Look at the following introduction to an essay on the legal protection of civil liberty. What function(s) does each paragraph have? Do you think this is the best order for these paragraphs?

Introduction

  1. This essay is concerned with the protection of the 'freedom of speech'. It will first of all clarify what is meant by 'freedom of speech', demonstrate its importance, and then show its current protection under law. It will then argue that current law is too restrictive, as it protects the powerful from disclosing to the public information that it is in the public's interests to know. In effect, such law discriminates in favour of the powerful. It will be argued that this is against the interests of democracy and therefore the law needs to be changed. Areas of change will be suggested.
  2. Civil liberties are an essential part of a healthy democracy. The guaranteeing of certain rights and privileges not only protects citizens from the tendency of government to intrude too far into the affairs of individuals, but they also protect conditions necessary for the full development of individuals. Therefore the protection of civil liberties is important for the maintenance of democracy. If they are not adequately protected, democracy is put in danger.

Which paragraph provides a context for the overall essay?





Which paragraph states the case of the essay?





Which paragraph outlines the structure of the essay?





Which paragraph should come first?





Check your answers

Paragraph 1 states the case this essay will make but at the same time as it outlines the structure of the essay.
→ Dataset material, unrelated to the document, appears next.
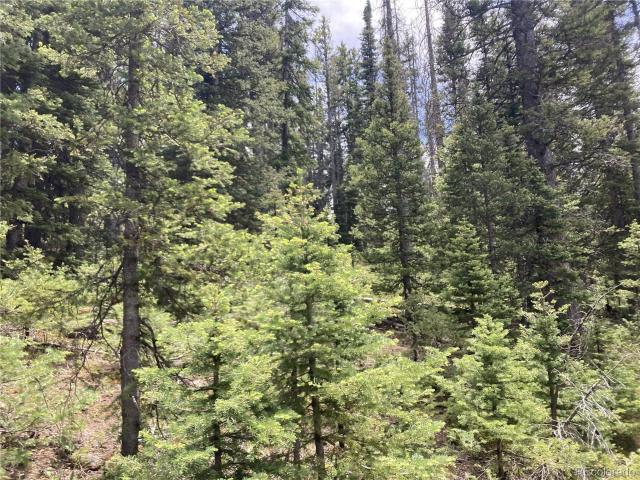 Land for sale in San Luis, Costilla County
Paragraph 2 contextualises the discussion.

If you are providing a context, it is helpful to do this first. The paragraphs are better ordered as follows:

Civil liberties are an essential part of a healthy democracy. The guaranteeing of certain rights and privileges not only protects citizens from the tendency of government to intrude too far into the affairs of individuals, but it also protects conditions necessary for the full development of individuals. Therefore the protection of civil liberties is important for the maintenance of democracy. If they are not adequately protected, democracy is put in danger.

This essay is concerned with the protection of the 'freedom of speech'. It will first of all clarify what is meant by 'freedom of speech', demonstrate its importance, and then show its current protection under law. It will then argue that current law is too restrictive, as it protects the powerful from disclosing to the public information that it is in the public's interests to know. In effect, such law discriminates in favour of the powerful. It will be argued that this is against the interests of democracy and therefore the law needs to be changed. Areas of change will be suggested.

Note: There is no separate paragraph indicating the scope of this essay. It is not necessary.